### Exercise goal
Each line of the data must reappear exactly in your answer, with no images included.
*** Dataset excerpt Section Begins ***
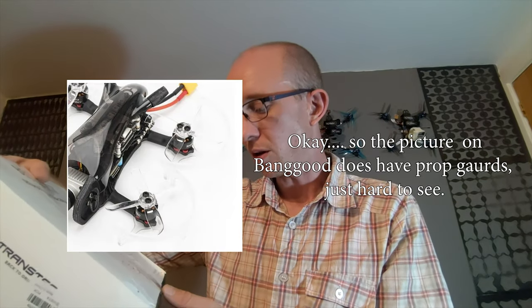Banggood have sent me over this — the Transtec Beetle Mini, or at least it should be. The box actually says Beetle Home and it's got prop guards on the picture, whereas the model I ordered doesn't. So I'm thinking they're just reusing boxes from other models. But let's head over to the bench, crack this open and see what we get in the box. Then we'll plug it in and see what they've done with Betaflight — what version of firmware, what settings they've put on there, and see if they've done anything other than just putting default firmware on it.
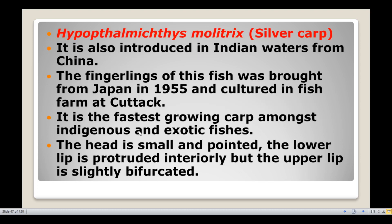Next, Hypophthalmichthys molitrix, commonly known as silver carp. It was also introduced in Indian waters from China.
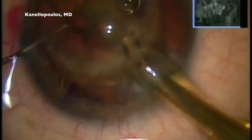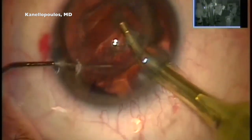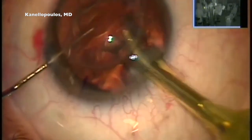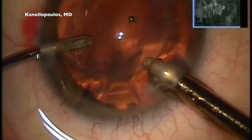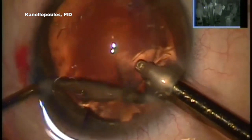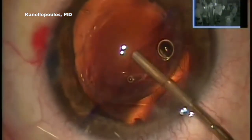We are now picking up one of the quads and replenishing the viscoelastic, going in a similar fashion as with any routine cataract procedure. We can all appreciate how impressively eccentrically this graft was trephinated and performed. Nevertheless, we're here to tidy things up, and I'm using my split aspiration through the paracentesis.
*** Dataset excerpt Section Ends ***
### Answer to the exercise
Banggood have sent me over this — the Transtec Beetle Mini, or at least it should be. The box actually says Beetle Home and it's got prop guards on the picture, whereas the model I ordered doesn't. So I'm thinking they're just reusing boxes from other models. But let's head over to the bench, crack this open and see what we get in the box. Then we'll plug it in and see what they've done with Betaflight — what version of firmware, what settings they've put on there, and see if they've done anything other than just putting default firmware on it.
Next, Hypophthalmichthys molitrix, commonly known as silver carp. It was also introduced in Indian waters from China.
We are now picking up one of the quads and replenishing the viscoelastic, going in a similar fashion as with any routine cataract procedure. We can all appreciate how impressively eccentrically this graft was trephinated and performed. Nevertheless, we're here to tidy things up, and I'm using my split aspiration through the paracentesis.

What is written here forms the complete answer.